Hawth’s Tools Becomes the “Geospatial Modelling Environment”

Whenever I have run into a more-than-usually knotty GIS analysis step, one which the tools bundled with ArcGIS just don’t seem to be able to unravel, I look first to Hawth’s Tools. Hawth’s Tools is a free package of add-ons for ArcGIS, capable of all manner of tricks, like “for each polygon, create a new attribute which records the range of values of the points which fall into it“. Handy stuff like that. When asked about a GIS problem, I have a bad habit of saying “oh sure, I can do that” and then discovering it’s not so easy, and as such I’ve often thanked Hawthorne L. Beyer under my breath for his freely given antidote to my hubris.

Having just such a task on my hands today, I look to spatialecology.com and discover that the Hawth has made good on his long-standing threat of re-writing the whole H-Tools package in a new and ambitious form, currently in beta distribution and very handsomely titled “The Geospatial Modelling Environment“.

“GME provides you with a suite of analysis and modelling tools, ranging from small ‘building blocks’ that you can use to construct a sophisticated work-flow, to completely self-contained analysis programs. It also uses the extraordinarily powerful open source software R as the statistical engine to drive some of the analysis tools. One of the many strengths of R is that it is open source, completely transparent and well documented: important characteristics for any scientific analytical software.”
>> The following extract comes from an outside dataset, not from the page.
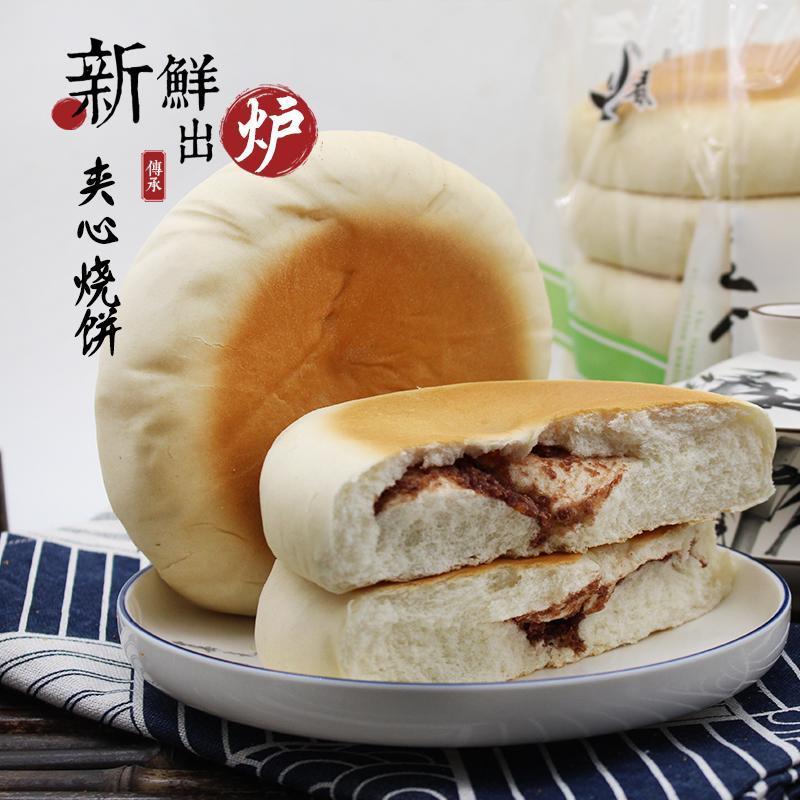 东北传统老式烧饼大饼子豆沙馅烧饼豆沙饼发面饼600g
update: I’ve now used GME for some basic processing, and the enhanced-command-line-interface it employs might be a little unfriendly for some users, but on the whole it looks like an excellent system with real promise. And given that it’s built on open libraries for geo-statistics and visualization, the tools can presumably be ported into other GIS packages, including open source packages, relatively easily.


Roughly a year ago, I made some noises on this blog about wanting to learn R. Not surprisingly, I didn’t do it.
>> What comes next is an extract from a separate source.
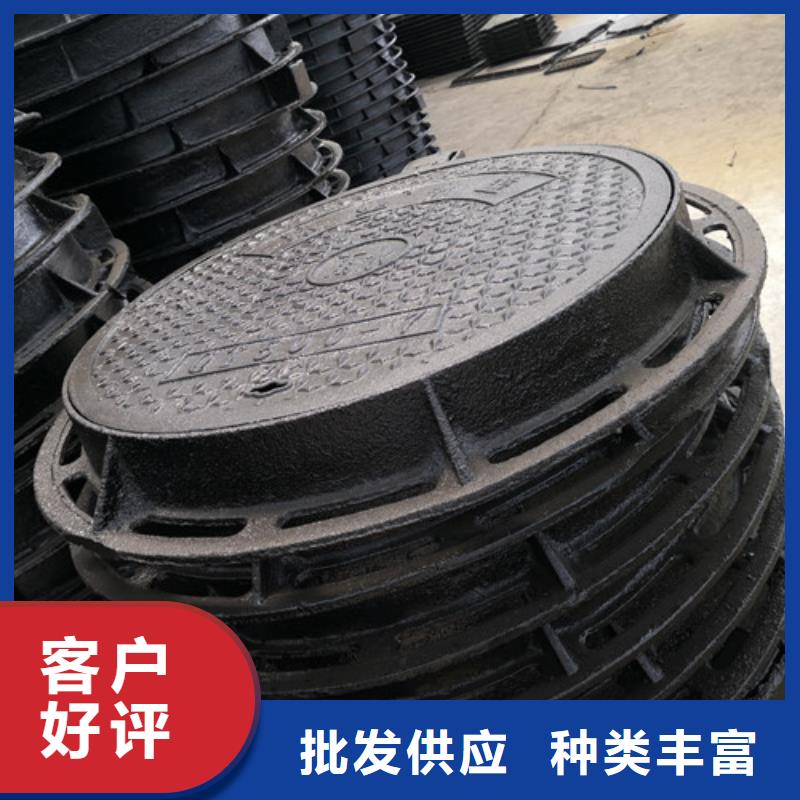 【球墨铸铁井盖,k9球墨铸铁管超产品在细节】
A year later I’m a government scientist with some statistics to do, and I’m once again thinking of learning me some R. In the interim, I’ve received an email assuring me “you could get up and running with it within a day, I think. Master it in a week or two”. So I download the package — it’s free! — install it, and boot it up. I’m looking at a command line console labelled the “GUI” (ha ha), with the following help text:

“Type ‘demo()’ for some demos”

Demos! Perfect! Let’s see some concrete examples of how to do statistics in R-land! So I type demo() into the “GUI” prompt, and receive the following output:

Demos in package ‘base’:

is.things: Explore some properties of R objects and is.FOO() functions. Not for newbies!
recursion: Using recursion for adaptive integration
scoping: An illustration of lexical scoping.

Demos in package ‘graphics’:

Hershey: Tables of the characters in the Hershey vector fonts
Japanese: Tables of the Japanese characters in the Hershey vector fonts
graphics: A show of some of R’s graphics capabilities
image: The image-like graphics builtins of R
persp: Extended persp() examples
plotmath: Examples of the use of mathematics annotation

Demos in package ‘stats’:

glm.vr: Some glm() examples from V&R with several predictors
lm.glm: Some linear and generalized linear modelling examples from `An Introduction to Statistical Modelling’ by Annette Dobson
nlm: Nonlinear least-squares using nlm()
smooth: `Visualize’ steps in Tukey’s smoothers

Use ‘demo(package = .packages(all.available = TRUE))’ to list the demos in all *available* packages.

Tables of the characters in the Hershey vector fonts? demo(package = .packages(all.available = TRUE))? Some of the ‘stats’ packages sounded like they might make sense, so I tried to run them, but I couldn’t figure out how. I love the idea of open source bare-knuckle computing. I wish I loved it in practice.